Task to complete. With the first line as the start and the line containing "Women's Triangle Bikini" as the end, write out every line of the records exactly.

(Items from a dataset)
——
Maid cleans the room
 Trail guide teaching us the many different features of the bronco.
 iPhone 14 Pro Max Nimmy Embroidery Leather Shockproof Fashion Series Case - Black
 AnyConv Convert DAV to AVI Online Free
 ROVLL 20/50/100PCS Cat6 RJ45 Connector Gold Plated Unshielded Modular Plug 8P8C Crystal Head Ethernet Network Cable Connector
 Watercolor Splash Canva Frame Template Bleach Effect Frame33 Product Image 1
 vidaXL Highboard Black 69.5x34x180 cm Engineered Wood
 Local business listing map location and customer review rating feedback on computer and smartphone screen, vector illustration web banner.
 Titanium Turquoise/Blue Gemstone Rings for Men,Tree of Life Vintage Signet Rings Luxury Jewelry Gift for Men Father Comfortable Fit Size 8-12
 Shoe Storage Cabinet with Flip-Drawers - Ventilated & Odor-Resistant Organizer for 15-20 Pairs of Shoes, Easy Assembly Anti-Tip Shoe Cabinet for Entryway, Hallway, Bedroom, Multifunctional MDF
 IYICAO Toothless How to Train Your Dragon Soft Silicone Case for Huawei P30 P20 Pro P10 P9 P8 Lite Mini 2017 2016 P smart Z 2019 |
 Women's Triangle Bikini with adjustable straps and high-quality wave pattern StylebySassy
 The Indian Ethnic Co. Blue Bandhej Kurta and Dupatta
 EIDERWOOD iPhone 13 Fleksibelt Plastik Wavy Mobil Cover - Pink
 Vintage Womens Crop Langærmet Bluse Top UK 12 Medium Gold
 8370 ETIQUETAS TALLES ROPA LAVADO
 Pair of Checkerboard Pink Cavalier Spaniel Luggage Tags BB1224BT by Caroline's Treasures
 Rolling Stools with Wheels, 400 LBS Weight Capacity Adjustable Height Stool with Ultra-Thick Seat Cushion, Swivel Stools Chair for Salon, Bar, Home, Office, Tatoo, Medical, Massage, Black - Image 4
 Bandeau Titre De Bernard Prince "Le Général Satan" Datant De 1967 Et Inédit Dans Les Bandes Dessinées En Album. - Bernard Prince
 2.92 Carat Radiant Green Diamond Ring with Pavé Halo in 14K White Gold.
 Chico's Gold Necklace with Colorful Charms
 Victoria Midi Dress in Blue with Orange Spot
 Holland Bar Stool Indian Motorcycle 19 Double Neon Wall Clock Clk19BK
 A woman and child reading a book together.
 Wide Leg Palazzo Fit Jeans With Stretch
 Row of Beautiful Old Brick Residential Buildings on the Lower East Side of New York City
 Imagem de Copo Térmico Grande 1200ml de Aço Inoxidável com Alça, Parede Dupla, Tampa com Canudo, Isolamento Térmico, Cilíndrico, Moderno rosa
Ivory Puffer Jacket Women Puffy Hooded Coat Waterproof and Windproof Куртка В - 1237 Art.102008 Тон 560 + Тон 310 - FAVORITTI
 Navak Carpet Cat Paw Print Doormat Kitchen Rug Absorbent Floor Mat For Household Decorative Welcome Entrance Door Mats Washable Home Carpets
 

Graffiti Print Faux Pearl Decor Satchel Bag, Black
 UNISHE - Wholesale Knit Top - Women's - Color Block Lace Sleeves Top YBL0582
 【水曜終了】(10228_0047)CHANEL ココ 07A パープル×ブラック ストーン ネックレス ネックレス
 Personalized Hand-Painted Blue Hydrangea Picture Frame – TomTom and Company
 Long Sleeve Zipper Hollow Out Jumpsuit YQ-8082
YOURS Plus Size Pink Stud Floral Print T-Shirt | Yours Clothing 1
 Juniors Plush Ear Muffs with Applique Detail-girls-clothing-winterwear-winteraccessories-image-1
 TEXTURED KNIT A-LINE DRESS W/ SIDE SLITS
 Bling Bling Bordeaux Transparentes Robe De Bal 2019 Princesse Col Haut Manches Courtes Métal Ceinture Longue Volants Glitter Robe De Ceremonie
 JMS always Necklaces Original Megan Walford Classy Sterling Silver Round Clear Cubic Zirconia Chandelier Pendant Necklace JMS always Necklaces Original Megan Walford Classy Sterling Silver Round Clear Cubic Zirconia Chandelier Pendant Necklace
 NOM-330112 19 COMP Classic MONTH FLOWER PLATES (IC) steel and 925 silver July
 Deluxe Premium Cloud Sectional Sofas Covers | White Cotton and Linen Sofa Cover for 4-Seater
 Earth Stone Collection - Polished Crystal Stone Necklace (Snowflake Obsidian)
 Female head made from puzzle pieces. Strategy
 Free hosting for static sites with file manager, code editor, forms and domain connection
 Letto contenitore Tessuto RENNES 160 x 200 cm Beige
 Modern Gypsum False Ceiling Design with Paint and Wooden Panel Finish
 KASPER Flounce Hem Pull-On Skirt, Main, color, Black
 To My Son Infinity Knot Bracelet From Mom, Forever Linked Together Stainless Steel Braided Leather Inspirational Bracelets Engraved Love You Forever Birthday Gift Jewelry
——
Answer to the problem.
Maid cleans the room
 Trail guide teaching us the many different features of the bronco.
 iPhone 14 Pro Max Nimmy Embroidery Leather Shockproof Fashion Series Case - Black
 AnyConv Convert DAV to AVI Online Free
 ROVLL 20/50/100PCS Cat6 RJ45 Connector Gold Plated Unshielded Modular Plug 8P8C Crystal Head Ethernet Network Cable Connector
 Watercolor Splash Canva Frame Template Bleach Effect Frame33 Product Image 1
 vidaXL Highboard Black 69.5x34x180 cm Engineered Wood
 Local business listing map location and customer review rating feedback on computer and smartphone screen, vector illustration web banner.
 Titanium Turquoise/Blue Gemstone Rings for Men,Tree of Life Vintage Signet Rings Luxury Jewelry Gift for Men Father Comfortable Fit Size 8-12
 Shoe Storage Cabinet with Flip-Drawers - Ventilated & Odor-Resistant Organizer for 15-20 Pairs of Shoes, Easy Assembly Anti-Tip Shoe Cabinet for Entryway, Hallway, Bedroom, Multifunctional MDF
 IYICAO Toothless How to Train Your Dragon Soft Silicone Case for Huawei P30 P20 Pro P10 P9 P8 Lite Mini 2017 2016 P smart Z 2019 |
 Women's Triangle Bikini with adjustable straps and high-quality wave pattern StylebySassy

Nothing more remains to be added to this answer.